What the task requires
Starting at the line that contains "Womens 3mm Full", transcribe each line through the end of the material below, exactly and nothing else, leaving out the pictures.
Content starts
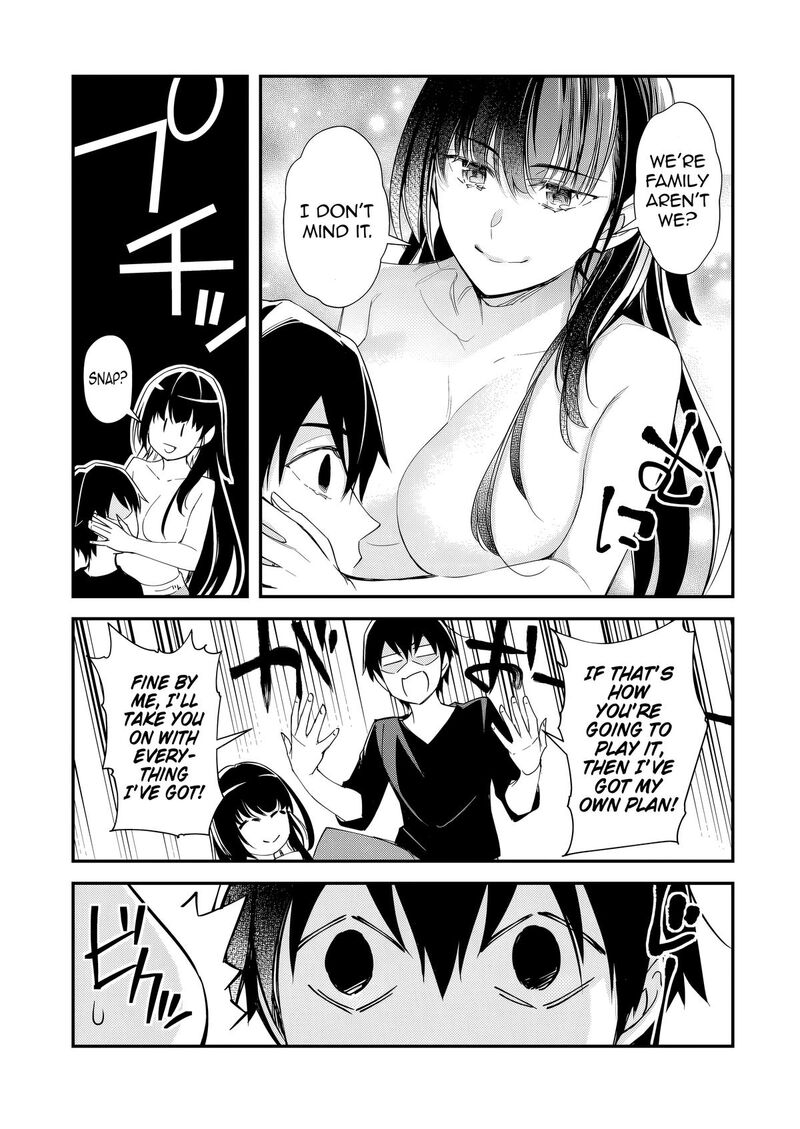 Ore Ni Trauma O Ataeta Joshi Tachi Ga Chirachira Mitekuru Kedo Zannen Desuga Teokure Desu Chapter 34a Page 10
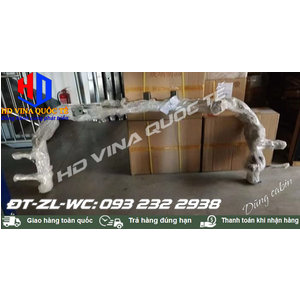 BÁN KHUNG XƯƠNG SẮT GIÁ ĐỠ BẮT CẢN BADOSOC HOWO V7X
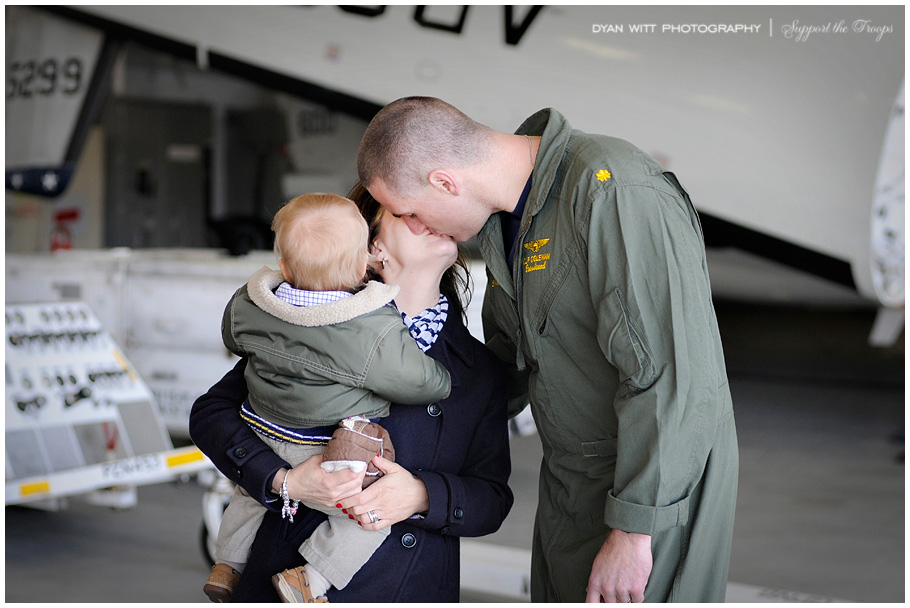 Norfolk Virginia Beach Military Homecoming Photographer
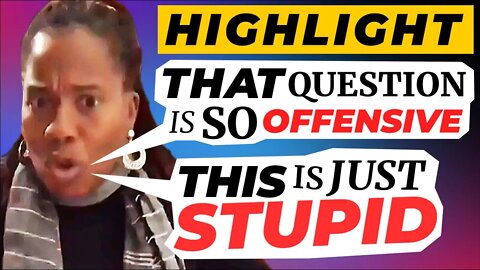 "THIS IS JUST STUPID" "Woke" Activ*st Does NOT Like Jesse's Questions (Highlight)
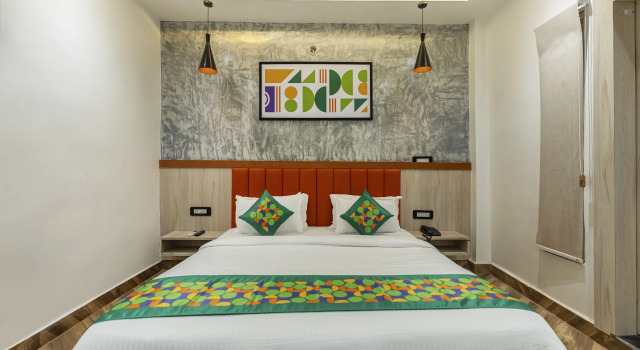 Номер Standard Treebo Divine Stay Prayagraj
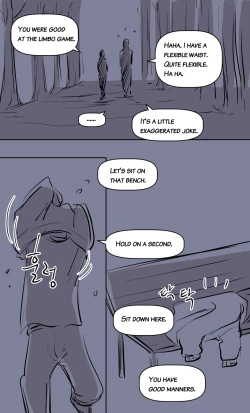 Page 9 of the girl`s private life-2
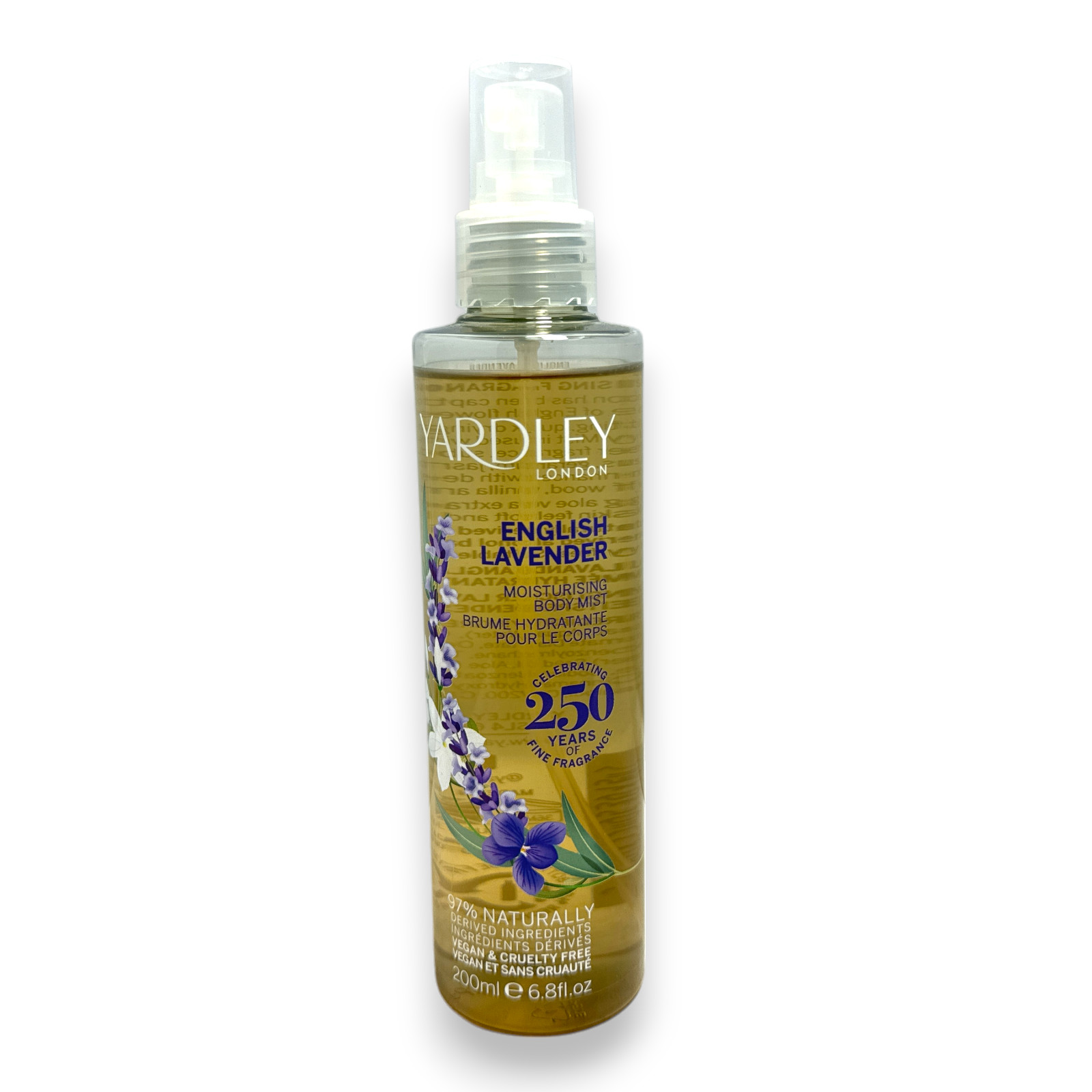 Yardley Moisturizing Body Mist (English Lavender and English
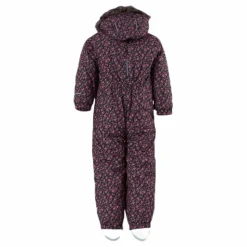 Snow08 Suit Mini Flower Blue*Name It New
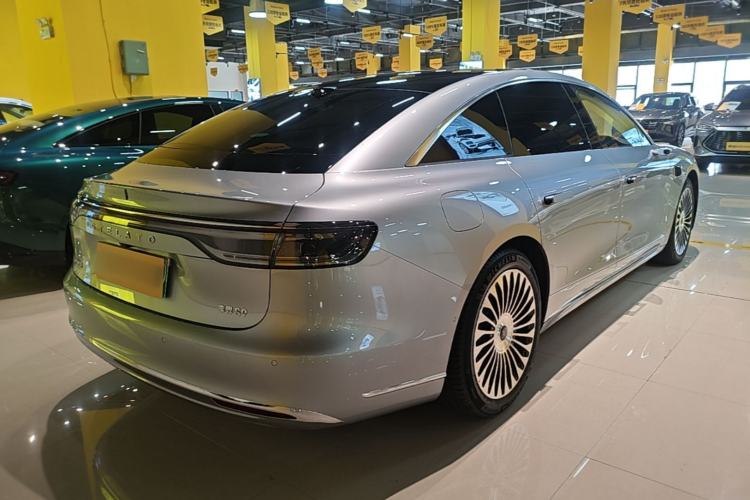 Used Hima Stelato S9 2026 Model Range-Extender Ultra, Rear-wheel Drive, 53kWh Rear Right 45 Deg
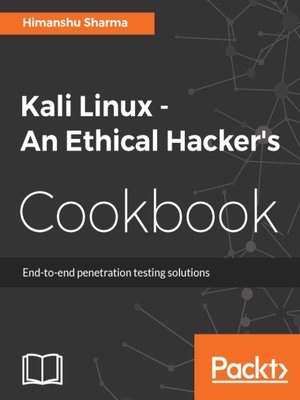 cover image of Kali Linux
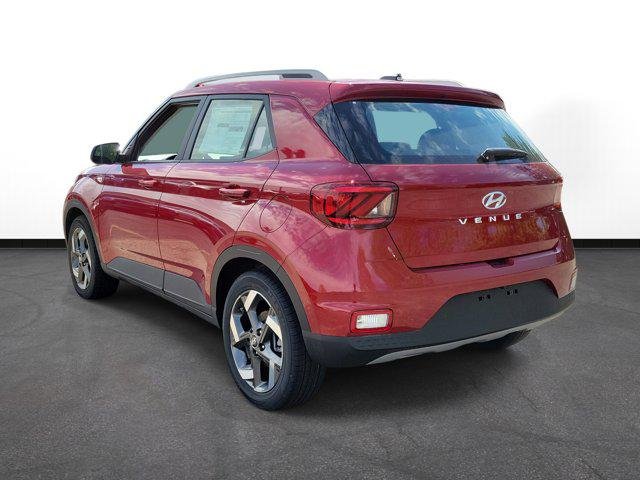 New 2026 Ultimate Red Hyundai SEL image 3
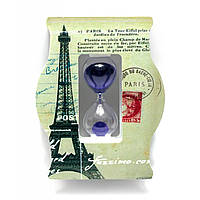 Годинник пісочний "Париж" (14х11х4 см)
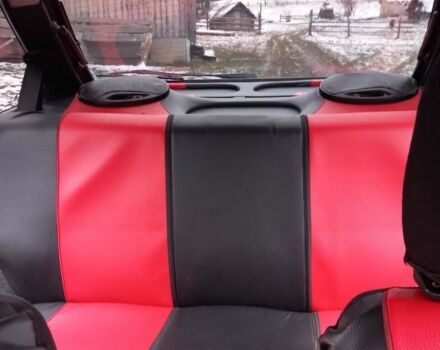 Красный ВАЗ 2109, объемом двигателя 1.6 л и пробегом 160 тыс. км за 2200 $, фото 9 на Automoto.ua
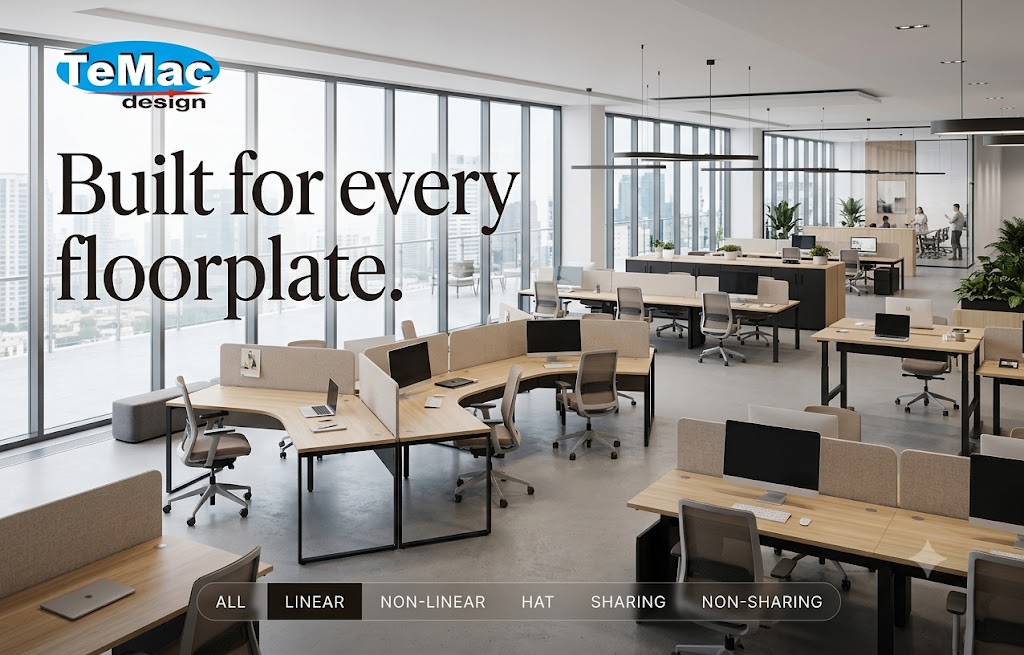 TeMac workspace environments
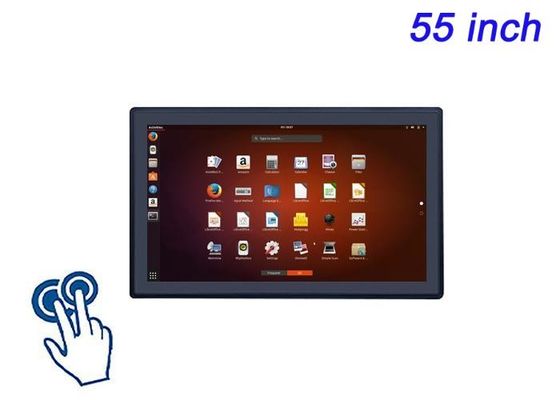 Màn hình đính kèm cảm ứng 55 inch Linux cho quảng cáo bán lẻ cao cấp, trung tâm chỉ huy, giao diện bảo tàng và giải pháp chơi game hấp dẫn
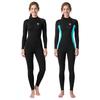 Womens 3mm Full Wetsuit Long Sleeve Thermal Dive Suit Snorkeling Surfing Swimming
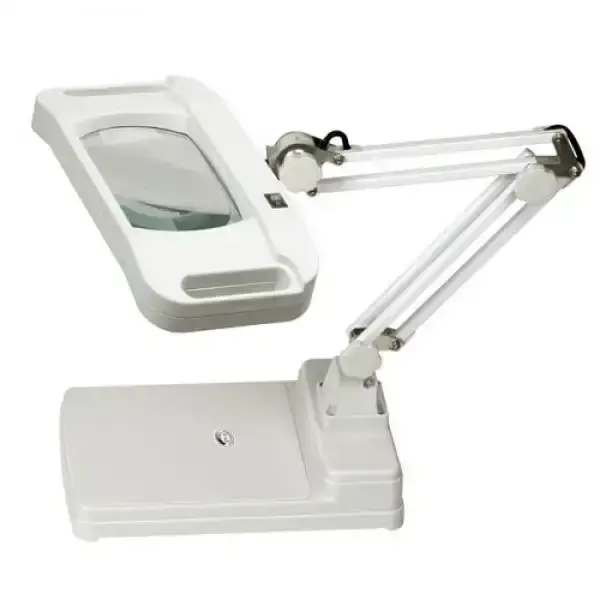 โคมไฟแว่นขยายเลนส์สี่เหลี่ยมแบบตั้งโต๊ะ Magnifier Lamp รุ่น/รหัส 000200 รูปที่ 1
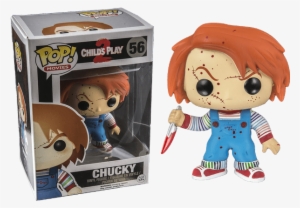 Bloody Chucky 9 Cm - Bloodied Chucky (chucky) Funko Pop Vinyl Figure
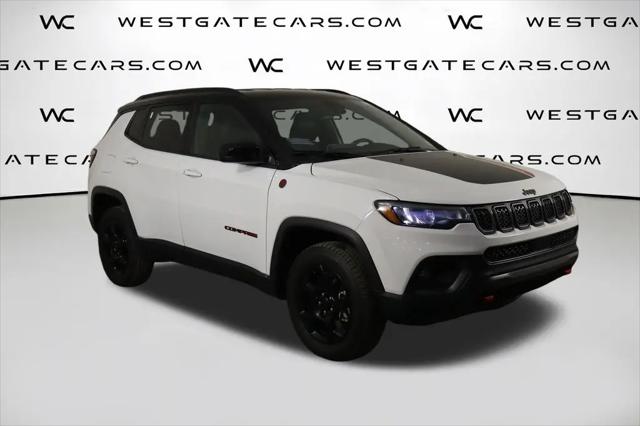 2024 Jeep Compass Trailhawk 4x4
Content ends
Task solution
 Womens 3mm Full Wetsuit Long Sleeve Thermal Dive Suit Snorkeling Surfing Swimming
 โคมไฟแว่นขยายเลนส์สี่เหลี่ยมแบบตั้งโต๊ะ Magnifier Lamp รุ่น/รหัส 000200 รูปที่ 1
 Bloody Chucky 9 Cm - Bloodied Chucky (chucky) Funko Pop Vinyl Figure
 2024 Jeep Compass Trailhawk 4x4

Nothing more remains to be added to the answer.